Et de toute façon, selon Nyamitwe, la loi fondamentale n’empêcherait pas Nkurunziza de concourir à nouveau, "puisque sa première élection, en 2005, était au suffrage indirect" et que la limitation à deux mandats ne porterait "que sur les élections au suffrage direct"… Une interprétation de la Constitution qui est loin de faire consensus. Et si le département d’État des États-Unis se refuse à trancher ce débat, un de ses responsables fait savoir "qu’une démocratie qui ne connaît pas de transmission régulière et pacifique du pouvoir n’en a que le nom". Washington a fait passer le même message de fermeté à Brazzaville et Ouagadougou.
"L’intransigeance grandissante des États-Unis tient en partie à la personnalité de ces deux diplomates [Russ Feingold et Samantha Power] récemment nommés, constate Jason Stearns, spécialiste de la région des Grands Lacs à l’université américaine de Yale. Mais elle n’est pas totalement nouvelle." En 2012, déjà, Washington avait en effet désapprouvé la volonté du président sénégalais d’alors, Abdoulaye Wade, de se représenter. Cela ne l’avait toutefois pas empêché de le faire, en s’appuyant sur une lecture contestée de la Constitution – pour être finalement battu dans les urnes.
Le président ougandais a les mains libres
Mais la voix de l’Oncle Sam porte davantage dans la région des Grands Lacs. "Depuis quelque temps, les États-Unis font preuve de plus de fermeté avec leurs alliés dans cette zone, remarque Jason Stearns. C’est le cas pour l’Ougandais Yoweri Museveni sur la question des droits des homosexuels. Cela a été le cas pour le Rwandais Paul Kagamé et la rébellion du Mouvement du 23-Mars. Et aussi pour le Congolais Joseph Kabila avec les déclarations de Feingold." Même si le pouvoir congolais s’est abstenu de réagir publiquement, lesdites déclarations ont été très remarquées et ont agacé en haut lieu.

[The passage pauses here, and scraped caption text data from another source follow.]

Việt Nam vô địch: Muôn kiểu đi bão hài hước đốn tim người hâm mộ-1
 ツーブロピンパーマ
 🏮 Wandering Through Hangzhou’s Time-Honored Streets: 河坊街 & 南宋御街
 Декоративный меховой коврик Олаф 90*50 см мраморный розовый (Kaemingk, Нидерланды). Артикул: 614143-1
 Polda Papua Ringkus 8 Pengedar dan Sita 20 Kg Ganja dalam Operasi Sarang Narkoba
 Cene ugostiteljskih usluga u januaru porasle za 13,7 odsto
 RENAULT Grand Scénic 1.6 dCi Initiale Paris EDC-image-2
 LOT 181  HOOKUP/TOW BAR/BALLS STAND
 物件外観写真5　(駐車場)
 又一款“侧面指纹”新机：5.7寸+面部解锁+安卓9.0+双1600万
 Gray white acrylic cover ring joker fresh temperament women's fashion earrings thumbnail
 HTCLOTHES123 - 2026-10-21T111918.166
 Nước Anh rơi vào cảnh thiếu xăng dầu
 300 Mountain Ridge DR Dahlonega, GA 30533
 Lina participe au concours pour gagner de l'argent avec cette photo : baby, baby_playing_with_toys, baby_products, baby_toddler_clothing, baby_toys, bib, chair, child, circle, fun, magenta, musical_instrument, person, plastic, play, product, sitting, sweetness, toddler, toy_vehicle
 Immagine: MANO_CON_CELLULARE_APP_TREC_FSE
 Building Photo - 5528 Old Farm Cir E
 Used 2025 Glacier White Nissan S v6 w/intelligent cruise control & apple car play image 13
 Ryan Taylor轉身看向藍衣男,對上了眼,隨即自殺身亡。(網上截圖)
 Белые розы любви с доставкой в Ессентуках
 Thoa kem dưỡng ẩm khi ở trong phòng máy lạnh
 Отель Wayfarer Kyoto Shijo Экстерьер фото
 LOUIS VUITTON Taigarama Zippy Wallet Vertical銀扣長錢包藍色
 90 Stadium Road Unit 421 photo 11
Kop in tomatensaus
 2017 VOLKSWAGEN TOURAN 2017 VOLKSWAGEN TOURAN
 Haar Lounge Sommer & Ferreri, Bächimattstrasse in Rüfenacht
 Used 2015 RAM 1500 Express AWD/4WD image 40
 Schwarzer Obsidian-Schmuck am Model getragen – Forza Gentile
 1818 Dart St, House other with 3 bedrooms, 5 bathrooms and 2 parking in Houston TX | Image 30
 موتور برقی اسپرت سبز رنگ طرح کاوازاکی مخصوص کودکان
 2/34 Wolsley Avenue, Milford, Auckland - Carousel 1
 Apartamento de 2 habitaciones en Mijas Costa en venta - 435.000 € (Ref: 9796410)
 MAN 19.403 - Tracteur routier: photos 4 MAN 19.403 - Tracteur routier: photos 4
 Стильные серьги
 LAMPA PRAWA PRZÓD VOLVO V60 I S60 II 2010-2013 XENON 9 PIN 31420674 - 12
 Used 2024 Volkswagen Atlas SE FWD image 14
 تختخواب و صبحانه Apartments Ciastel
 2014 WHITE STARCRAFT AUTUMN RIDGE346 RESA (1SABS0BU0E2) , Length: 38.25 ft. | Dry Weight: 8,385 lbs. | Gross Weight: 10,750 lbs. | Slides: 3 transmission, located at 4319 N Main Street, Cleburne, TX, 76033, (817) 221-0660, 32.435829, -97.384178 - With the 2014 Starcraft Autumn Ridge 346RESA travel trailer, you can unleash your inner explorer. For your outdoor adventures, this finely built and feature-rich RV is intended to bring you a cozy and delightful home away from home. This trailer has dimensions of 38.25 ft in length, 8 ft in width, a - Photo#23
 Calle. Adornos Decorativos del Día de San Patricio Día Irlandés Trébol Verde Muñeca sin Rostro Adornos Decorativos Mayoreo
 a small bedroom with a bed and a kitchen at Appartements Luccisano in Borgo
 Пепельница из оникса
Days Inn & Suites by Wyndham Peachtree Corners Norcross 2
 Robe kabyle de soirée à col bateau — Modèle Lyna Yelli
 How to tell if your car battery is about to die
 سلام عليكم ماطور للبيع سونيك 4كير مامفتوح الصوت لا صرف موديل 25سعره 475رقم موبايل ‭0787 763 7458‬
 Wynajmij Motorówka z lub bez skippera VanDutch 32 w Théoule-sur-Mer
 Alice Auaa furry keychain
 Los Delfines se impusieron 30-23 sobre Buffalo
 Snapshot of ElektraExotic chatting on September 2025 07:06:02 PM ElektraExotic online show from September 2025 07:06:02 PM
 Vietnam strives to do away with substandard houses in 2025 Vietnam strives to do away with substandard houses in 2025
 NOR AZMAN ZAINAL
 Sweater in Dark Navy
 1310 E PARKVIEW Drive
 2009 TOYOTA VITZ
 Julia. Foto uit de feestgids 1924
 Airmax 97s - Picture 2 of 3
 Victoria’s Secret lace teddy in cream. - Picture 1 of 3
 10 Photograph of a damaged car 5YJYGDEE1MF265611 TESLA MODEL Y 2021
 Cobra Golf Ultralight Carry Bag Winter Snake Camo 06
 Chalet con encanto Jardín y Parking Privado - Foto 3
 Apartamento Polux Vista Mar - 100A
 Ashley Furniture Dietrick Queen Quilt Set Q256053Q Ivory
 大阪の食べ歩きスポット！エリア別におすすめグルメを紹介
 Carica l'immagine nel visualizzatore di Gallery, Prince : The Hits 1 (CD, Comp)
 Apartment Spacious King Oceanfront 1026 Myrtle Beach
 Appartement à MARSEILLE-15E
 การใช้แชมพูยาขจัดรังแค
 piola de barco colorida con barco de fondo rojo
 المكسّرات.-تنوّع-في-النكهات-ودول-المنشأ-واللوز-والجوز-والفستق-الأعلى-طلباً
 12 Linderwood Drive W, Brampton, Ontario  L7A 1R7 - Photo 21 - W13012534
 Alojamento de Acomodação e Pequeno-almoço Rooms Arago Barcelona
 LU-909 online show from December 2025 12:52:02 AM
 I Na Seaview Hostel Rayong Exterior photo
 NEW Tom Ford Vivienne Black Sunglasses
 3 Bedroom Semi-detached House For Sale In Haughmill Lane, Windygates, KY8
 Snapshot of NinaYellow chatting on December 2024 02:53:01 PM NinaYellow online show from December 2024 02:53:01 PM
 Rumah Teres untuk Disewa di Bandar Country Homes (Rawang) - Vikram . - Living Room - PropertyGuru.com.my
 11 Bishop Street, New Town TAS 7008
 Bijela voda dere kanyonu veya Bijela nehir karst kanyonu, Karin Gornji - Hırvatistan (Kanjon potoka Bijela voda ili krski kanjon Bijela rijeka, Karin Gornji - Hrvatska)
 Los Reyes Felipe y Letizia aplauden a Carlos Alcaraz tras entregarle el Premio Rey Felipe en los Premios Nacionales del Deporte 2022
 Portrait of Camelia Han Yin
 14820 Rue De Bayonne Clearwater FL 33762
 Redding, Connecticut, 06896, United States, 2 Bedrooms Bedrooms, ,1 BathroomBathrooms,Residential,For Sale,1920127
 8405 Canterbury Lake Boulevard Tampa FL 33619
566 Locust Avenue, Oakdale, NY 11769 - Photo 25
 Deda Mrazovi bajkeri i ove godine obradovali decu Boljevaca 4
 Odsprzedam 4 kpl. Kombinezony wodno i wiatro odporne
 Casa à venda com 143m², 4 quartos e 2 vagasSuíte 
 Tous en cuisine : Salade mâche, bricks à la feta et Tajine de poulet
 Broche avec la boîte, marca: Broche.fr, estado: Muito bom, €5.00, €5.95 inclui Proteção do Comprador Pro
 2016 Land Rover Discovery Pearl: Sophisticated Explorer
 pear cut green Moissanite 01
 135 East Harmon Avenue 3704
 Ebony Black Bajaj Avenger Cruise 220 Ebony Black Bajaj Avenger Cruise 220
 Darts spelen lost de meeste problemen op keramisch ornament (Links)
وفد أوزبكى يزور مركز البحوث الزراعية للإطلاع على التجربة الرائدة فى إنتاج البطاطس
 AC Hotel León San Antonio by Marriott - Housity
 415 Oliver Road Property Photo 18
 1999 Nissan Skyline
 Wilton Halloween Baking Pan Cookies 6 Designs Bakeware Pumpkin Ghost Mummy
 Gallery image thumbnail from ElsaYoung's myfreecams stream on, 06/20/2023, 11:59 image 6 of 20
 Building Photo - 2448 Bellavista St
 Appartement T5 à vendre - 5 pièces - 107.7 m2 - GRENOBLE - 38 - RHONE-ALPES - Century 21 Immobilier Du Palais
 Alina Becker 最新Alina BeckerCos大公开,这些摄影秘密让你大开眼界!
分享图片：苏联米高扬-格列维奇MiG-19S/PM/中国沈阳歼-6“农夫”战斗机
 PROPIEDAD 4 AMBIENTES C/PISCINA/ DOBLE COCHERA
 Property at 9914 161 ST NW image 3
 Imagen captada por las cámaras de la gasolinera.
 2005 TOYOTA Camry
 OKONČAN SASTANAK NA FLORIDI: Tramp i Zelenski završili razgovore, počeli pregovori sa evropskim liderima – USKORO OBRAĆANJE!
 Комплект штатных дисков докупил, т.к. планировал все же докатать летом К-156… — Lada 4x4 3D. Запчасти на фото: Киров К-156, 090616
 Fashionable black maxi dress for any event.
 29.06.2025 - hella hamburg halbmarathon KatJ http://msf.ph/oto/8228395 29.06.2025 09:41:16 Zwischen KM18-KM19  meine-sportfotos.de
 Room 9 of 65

"Pour des raisons historiques et économiques, la voix des Américains pèse lourdement en RD Congo", glisse un diplomate en poste à Kinshasa, où, selon la Constitution, Joseph Kabila doit quitter le pouvoir en 2016. Quant à Museveni, la question ne se pose plus pour lui : le président ougandais a les mains libres depuis l’abrogation, en 2005, de la limitation des mandats. Enfin, au Rwanda, une révision de la Constitution n’est pas exclue, à en croire Paul Kagamé dans un récent entretien à Jeune Afrique (no 2778, du 6 au 12 avril). Mais le problème d’une éventuelle nouvelle candidature de sa part ne se posera pas avant la prochaine présidentielle, prévue pour 2017. D’ici là, l’administration Obama ne sera plus en place.
Et les Européens ?
Vis-à-vis de la RD Congo, la position des Européens diffère sensiblement de celle de Washington. "Les Américains sont beaucoup plus offensifs que les Belges et les Français sur la question du respect de la Constitution. Nous ne nous permettons pas de tenir le même discours qu’eux", reconnaît un diplomate européen en poste à Kinshasa. À Paris, on assume cette position plus réservée : "Nous n’avons pas à nous prononcer sur tel ou tel pays, explique Romain Nadal, le porte-parole du ministère français des Affaires étrangères. Nous nous fierons au jugement de l’Union africaine, qui est la gardienne des principes démocratiques."